→ EXERCISE DETAILS
The entire listing that follows must be repeated exactly, pictures excluded.

→ STUDY MATERIAL
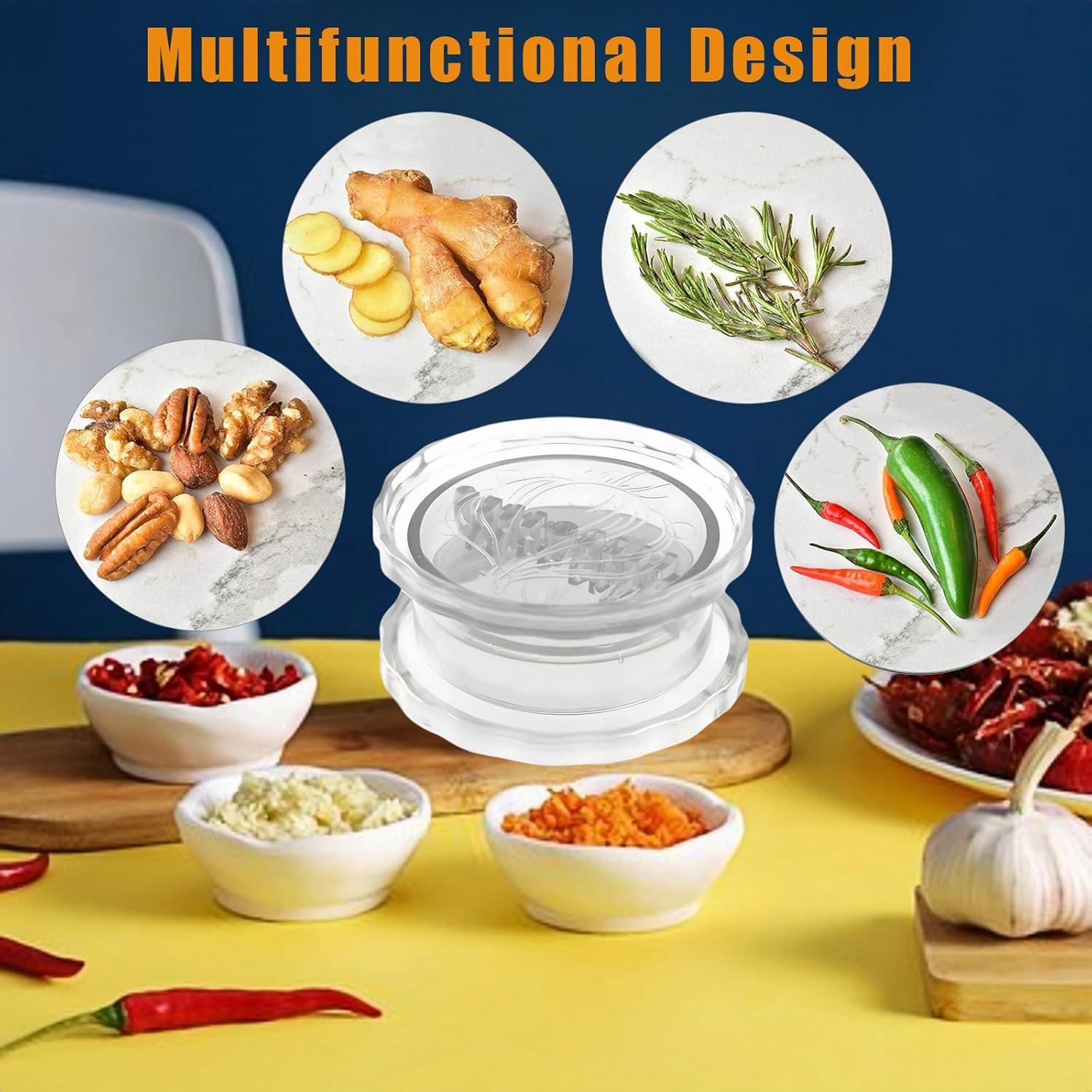 Picador de Ajo Manual Turutu, Multifuncional, Plástico Transparente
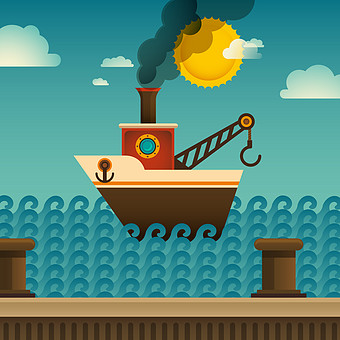 轮船插画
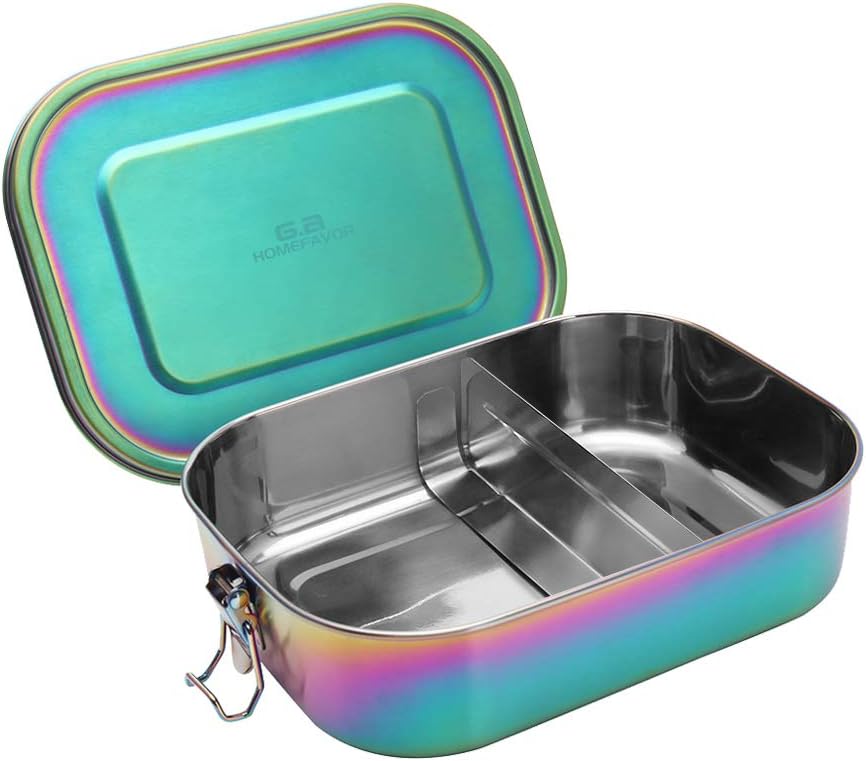 G.a HOMEFAVOR Edelstahl Brotdose Bento Box Auslaufsicher Metall Lunchbox 1400ml mit Herausnehmbarer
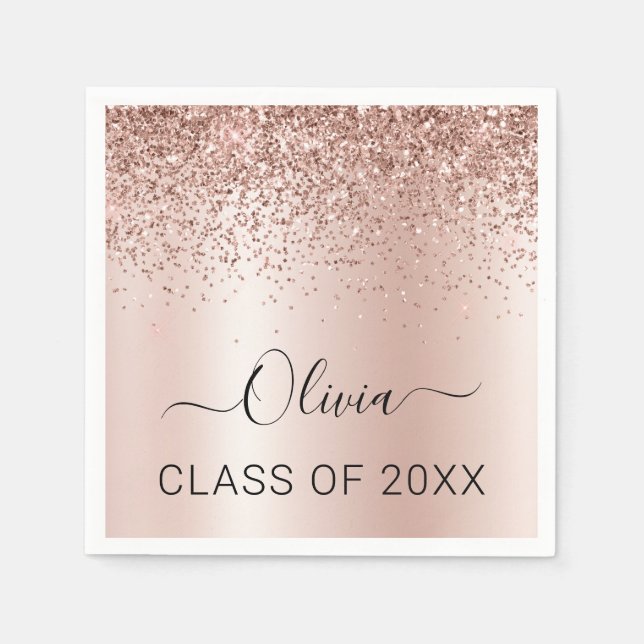 Class of 2024 Blush Pink Glitter Graduate Napkin (Front)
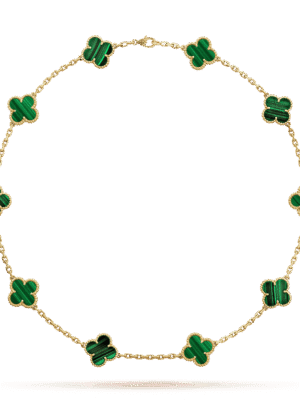 18K Vintage Alhambra Malachite 10 Motifs Necklace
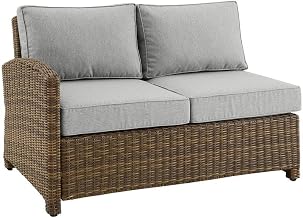 Left Side Patio Sectional Sofa with Brown Rattan Furniture Frame and Gray Cushions, Modular Patio Couch for Balcony, Porch, or Backyard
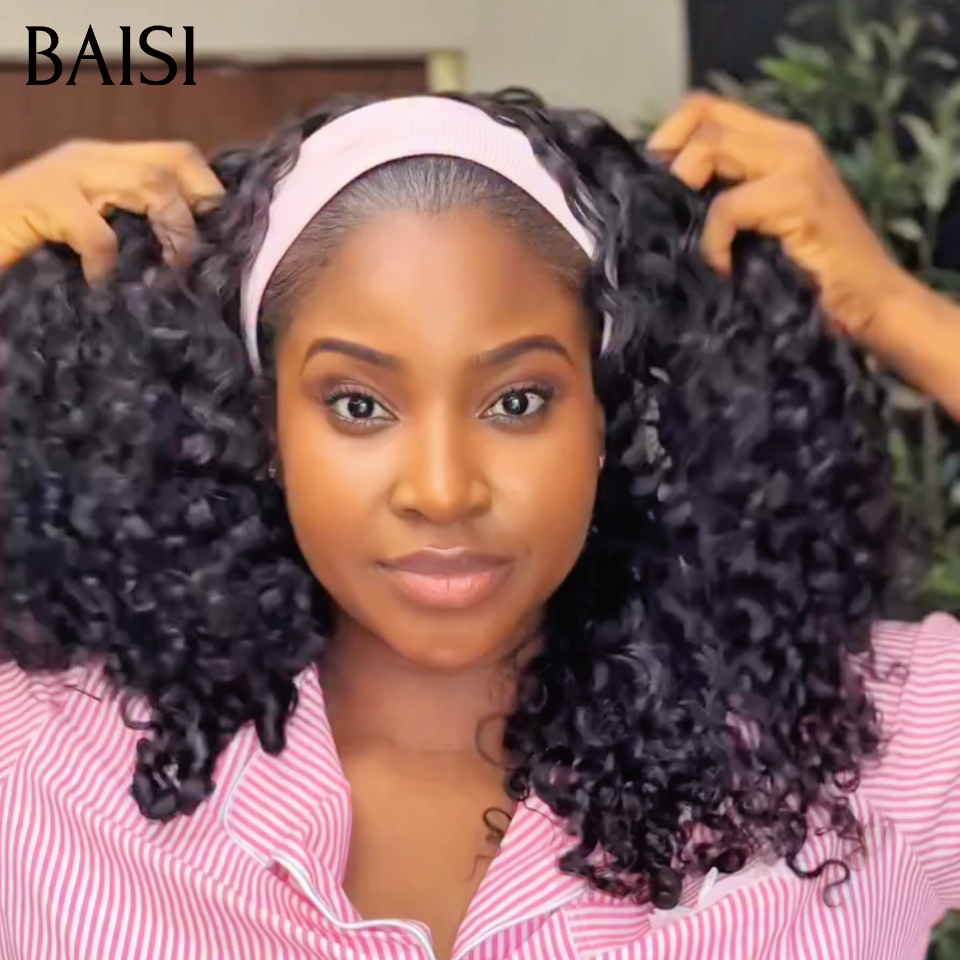 BAISI Perruque Bandeau Curly Wave 16Pouces Sans Colle Sans Lace Facile à Porter En 100% Cheveux Humains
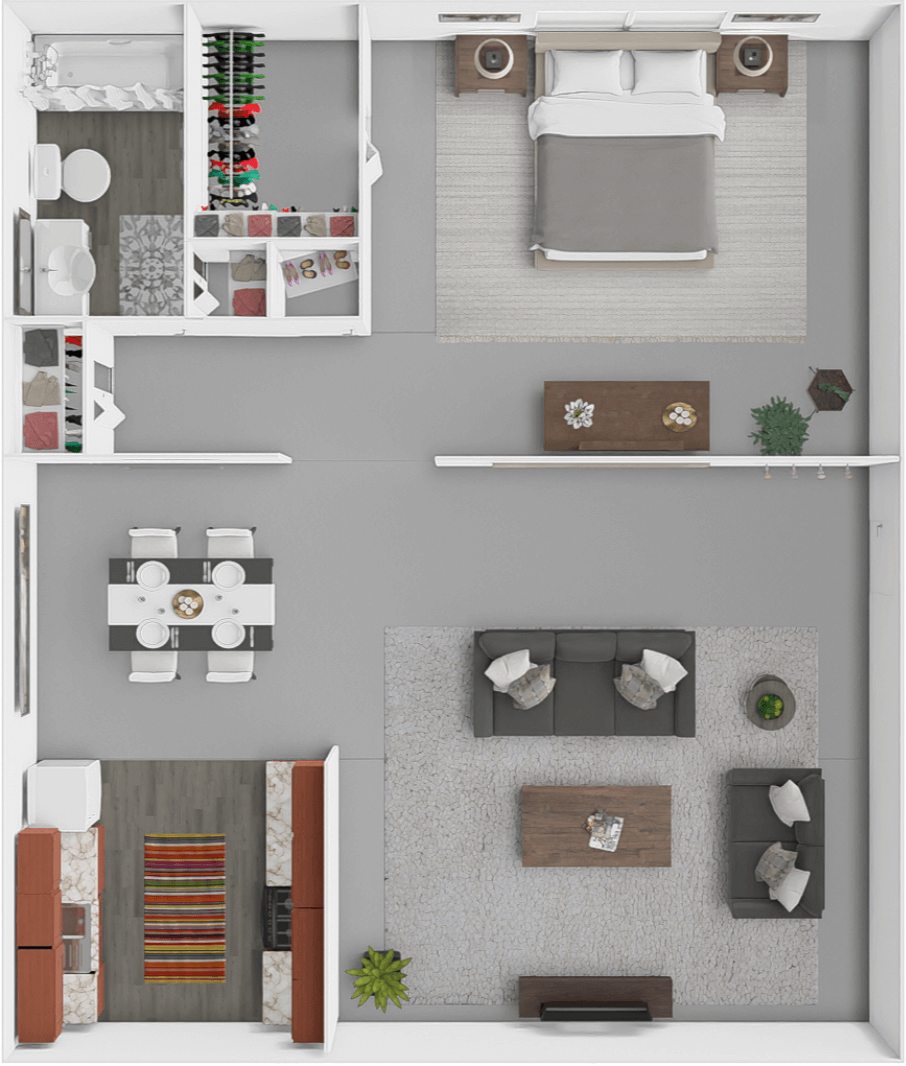 1 Bed 1 Bath floor plan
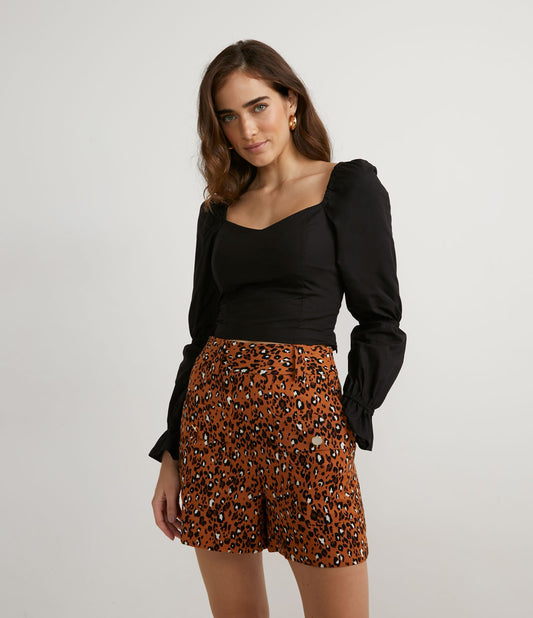 Black Tricoline Cropped Blouse with Ruffled Sleeves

→ WRITTEN SOLUTION
 Picador de Ajo Manual Turutu, Multifuncional, Plástico Transparente
 轮船插画
 G.a HOMEFAVOR Edelstahl Brotdose Bento Box Auslaufsicher Metall Lunchbox 1400ml mit Herausnehmbarer
 Class of 2024 Blush Pink Glitter Graduate Napkin (Front)
 18K Vintage Alhambra Malachite 10 Motifs Necklace
 Left Side Patio Sectional Sofa with Brown Rattan Furniture Frame and Gray Cushions, Modular Patio Couch for Balcony, Porch, or Backyard
 BAISI Perruque Bandeau Curly Wave 16Pouces Sans Colle Sans Lace Facile à Porter En 100% Cheveux Humains
 1 Bed 1 Bath floor plan
 Black Tricoline Cropped Blouse with Ruffled Sleeves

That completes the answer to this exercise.